Há alguns critérios pré-determinados que podem ensejar um processo de caducidade de concessão de distribuição de energia, ligados à sustentabilidade econômico-financeira e qualidade dos serviços prestados, mas o regramento não é totalmente específico, aponta Frederico Accon, head de energia do escritório Stocche Forbes Advogados.
“Tem o descumprimento de indicadores de qualidade por três anos seguidos, por exemplo… Isso é o que temos de objetivo, mas sem prejuízo, se a Aneel fiscalizar e entender que houve algum outro tipo de infração que pode ensejar penalidade de caducidade, ela pode iniciar um processo administrativo”, disse Accon, lembrando que a empresa tem direito a ampla defesa.
A caducidade do contrato é considerada uma medida extrema, e nunca ocorreu no Brasil em distribuição de energia elétrica. Em geral, distribuidoras com dificuldades financeiras ou operacionais vendem suas operações antes de a Aneel iniciar um processo do tipo.
O caso que mais se aproxima da caducidade é o da Amazonas Energia: a medida já foi recomendada pela Aneel ao governo, que embora ainda não tenha decretado, vem estudando a troca do concessionário no Amazonas e mudanças legislativas no contrato para viabilizar a concessão no longo prazo.
Além do término definitivo do contrato, o governo tem outras opções de penalidades para a Enel São Paulo, como aplicação de multas e até mesmo uma intervenção, processo que ocorreu com o Grupo Rede há cerca de 10 anos.
Na intervenção, a gestão atual da distribuidora é afastada temporariamente e a Aneel nomeia interventores para manter as operações. É um processo provisório, com a concessionária podendo reassumir o comando da distribuidora caso apresente um plano de melhoria, explica o advogado do Stocche Forbes.
RENOVAÇÃO CONTRATUAL
A pressão sobre a Enel, com possibilidade de perda do contrato, tem repercutido no setor de distribuição de energia, que negocia com o governo novas bases para renovar cerca de 20 contratos a partir de 2025.

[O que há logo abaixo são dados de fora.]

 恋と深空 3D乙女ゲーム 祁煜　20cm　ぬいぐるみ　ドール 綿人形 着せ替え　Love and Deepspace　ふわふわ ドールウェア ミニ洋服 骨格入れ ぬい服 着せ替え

No mês passado, o CEO da CPFL Energia defendeu a estabilidade regulatória do setor, avaliando que, pelas regras atuais, não há razão para que nenhuma distribuidora de energia perca a concessão.
“Podemos discutir quais seriam as novas regras, quais são as novas demandas que a regulação pode trazer, e aí a gente joga o jogo novo. Mas o jogo, da forma que está posto hoje, não há nenhuma razão para algum player perder concessão”, disse o CEO da CPFL, Gustavo Estrella, ao comentar a situação da Enel.
“Se você for olhar nas informações públicas da Aneel, nos últimos quatro ou cinco anos, a Enel São Paulo vem cumprindo com os indicadores (de qualidade) DEC e FEC”, disse o advogado do Stocche Forbes.
“O que alerta o setor é: você pode discutir se os indicadores são adequados, se estão de fato capturando o que o poder concedente espera de qualidade, mas o que temos de regra clara posta hoje a Enel São Paulo vem cumprido”, acrescentou.
Segundo Silveira, o processo de renovação dos contratos de 20 distribuidoras de energia, envolvendo grandes grupos do setor elétrico, vai “corrigir” contratos que ele considera como “frouxos”. Haverá regras mais rígidas para garantir a qualidade da prestação dos serviços à população, disse.
“Estamos fazendo um decreto (de renovação) muito minucioso… Inclusive um ponto que estou colocando é de que os prefeitos municipais devem ter linha direta com as distribuidoras”, afirmou.